I wish I could say that my piqued interest led me to pursue all things Denny, but the everyday vagaries of college life generally require that tough choices and sacrifices be made, and such it was for me. (Back then, of course, to investigate an artist’s canon meant spending time and money; now, more often than not, it’s simply a matter of time – a precious commodity, to be sure, but one that’s easier to budget.) So while I always found room for Fairport and Denny in my Folk Show sets, following up was pushed to some indefinite time in the future.

The far, far future, as it turned out. During my conversation with Susanna Hoffs last year about her Someday album, I asked if her Under the Cover sets with Matthew Sweet influenced the collection, which possesses a distinct ‘60s vibe.
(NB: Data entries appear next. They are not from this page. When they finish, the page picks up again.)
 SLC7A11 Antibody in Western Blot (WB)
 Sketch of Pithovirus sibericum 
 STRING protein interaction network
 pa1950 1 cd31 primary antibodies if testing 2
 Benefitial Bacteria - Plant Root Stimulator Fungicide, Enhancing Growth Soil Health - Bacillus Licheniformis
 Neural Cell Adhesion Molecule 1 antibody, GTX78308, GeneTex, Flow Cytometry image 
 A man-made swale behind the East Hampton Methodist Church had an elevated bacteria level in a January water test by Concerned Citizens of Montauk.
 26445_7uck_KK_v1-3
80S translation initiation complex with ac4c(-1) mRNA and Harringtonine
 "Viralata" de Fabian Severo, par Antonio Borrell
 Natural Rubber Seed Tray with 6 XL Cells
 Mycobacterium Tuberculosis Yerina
It was the end of a long day of interviews for her, she was tired and rambling. She cited – from Volume I – their version of “Who Knows Where the Time Goes?,” commenting that they’d chosen the Fairport Convention version as their model and not Sandy’s own, before launching into similar mini-analyses of several of the other selections. And in that instant the memory of queuing up that song on a decades-old, worn copy of Fairport’s Unhalfbricking LP for the first time in 1985 flashed through my mind.

I still don’t have Unhalfbricking – it’s on my list of things to get. But I have picked up the excellent two-CD compilation No More Sad Refrains, the 1972 Sandy album and what turned out to be Denny’s last, Rendezvous from 1977, as well as a live set from her final tour. (She died of a brain hemorrhage in 1978.) “Wow” is about all I can say. Her vocals on “Who Knows Where the Time Goes?,” are exactly as I remembered, but the lyrics have deepened in meaning – growing old(er) has assured of that, I suppose. To think that she was 19 or 20 when she composed it? It blows my mind.

At some point in the distant future, when we’re dust and our children’s children’s children roam the virtual aisles of their virtual stores, the political battles of the present will be long forgotten and our political leaders mere paragraphs (if that) in history textbooks. Select singers, poets, playwrights and authors, however, will still capture and fuel the public’s imagination, such as Shakespeare, Coleridge and Whitman. Many of my favorites will undoubtedly be swept aside; Sandy Denny, however, will not.